**EXERCISE GOAL:** Transcribe the listing exactly, skipping every picture.

**GIVEN DATA:**
# # # #

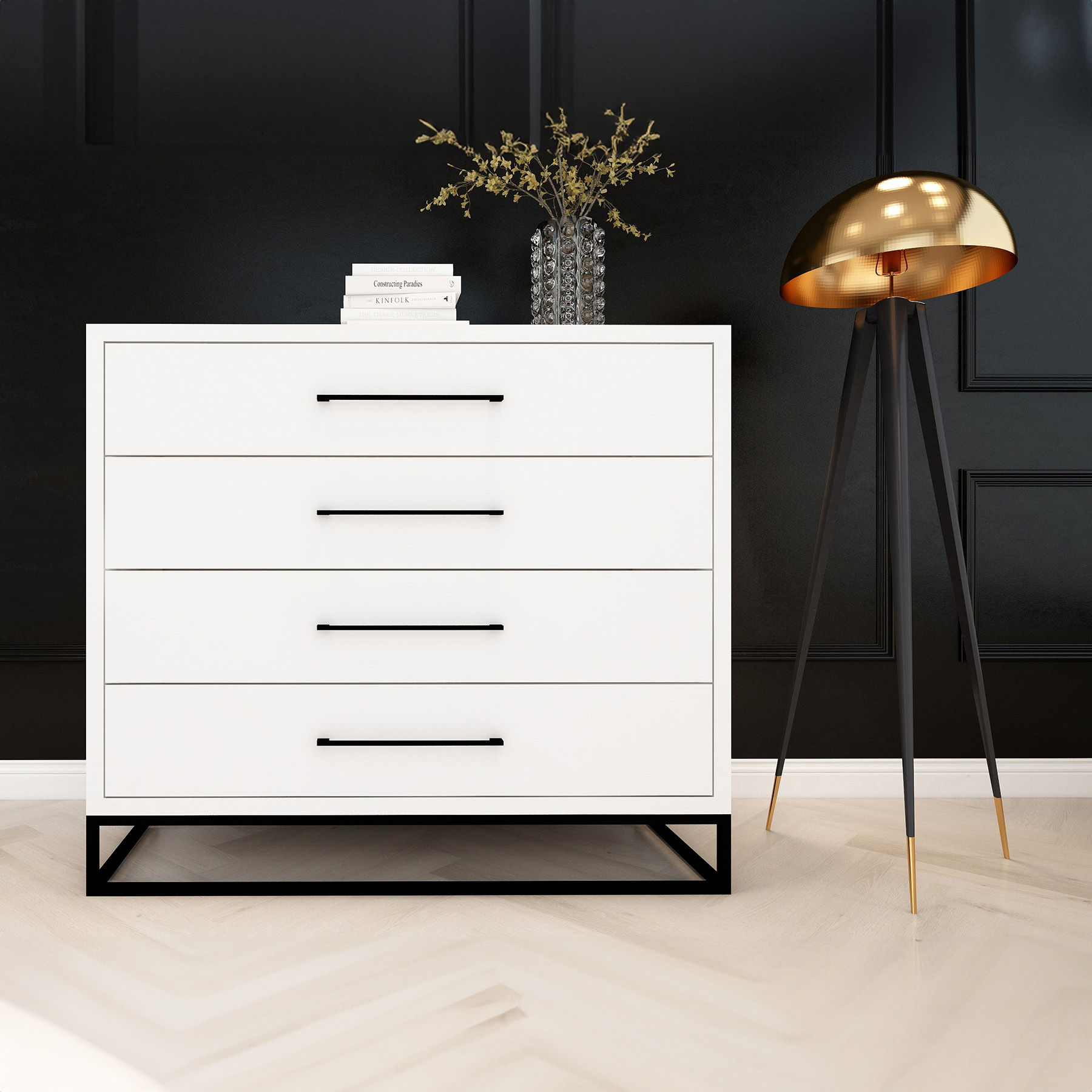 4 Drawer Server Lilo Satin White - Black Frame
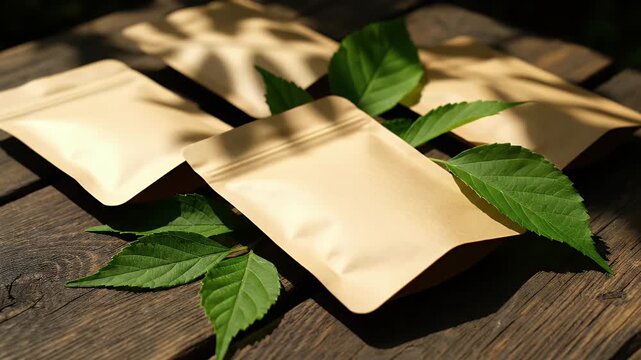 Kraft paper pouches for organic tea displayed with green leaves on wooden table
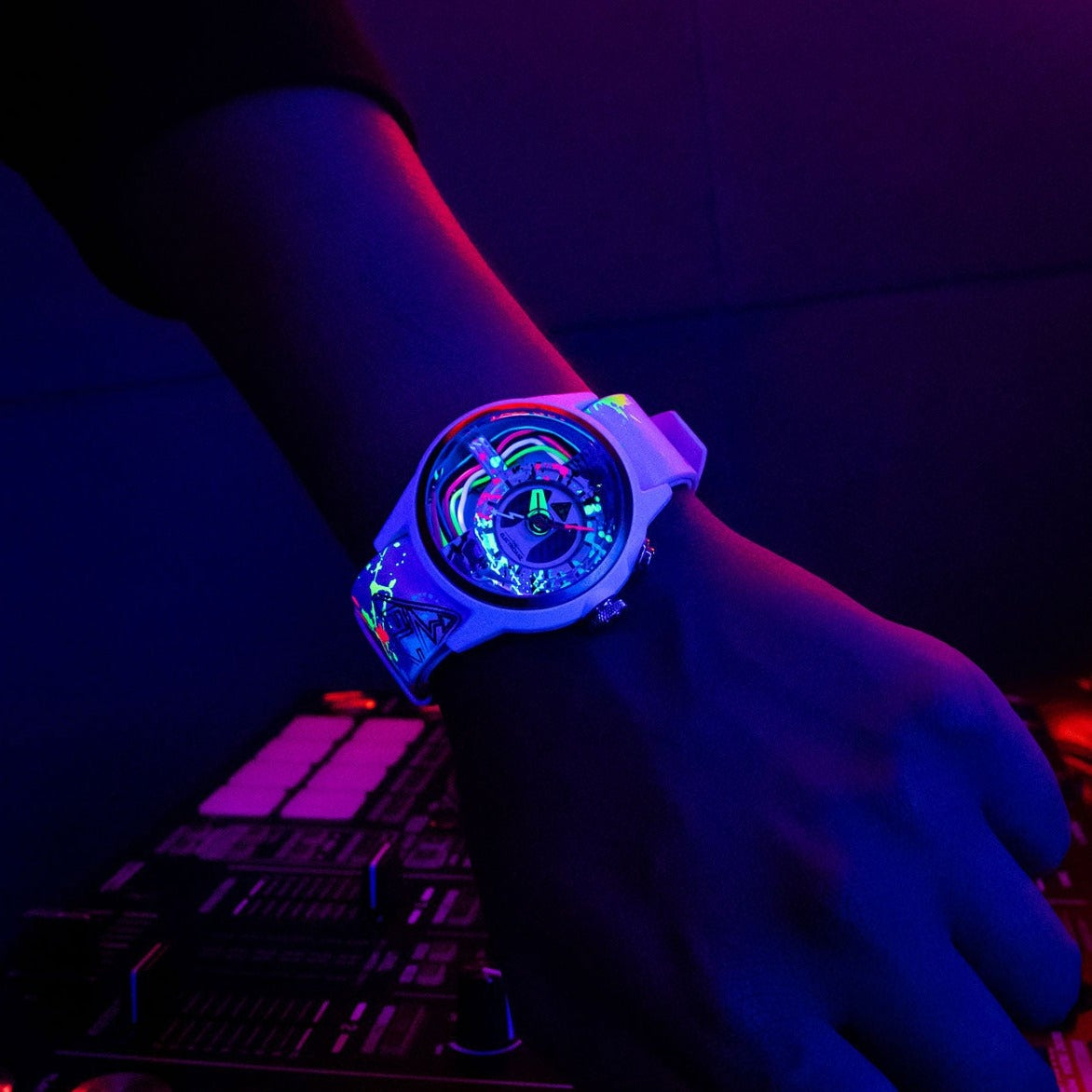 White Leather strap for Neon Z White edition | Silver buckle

# # # #

**RESPONSE BELOW:**
 4 Drawer Server Lilo Satin White - Black Frame
 Kraft paper pouches for organic tea displayed with green leaves on wooden table
 White Leather strap for Neon Z White edition | Silver buckle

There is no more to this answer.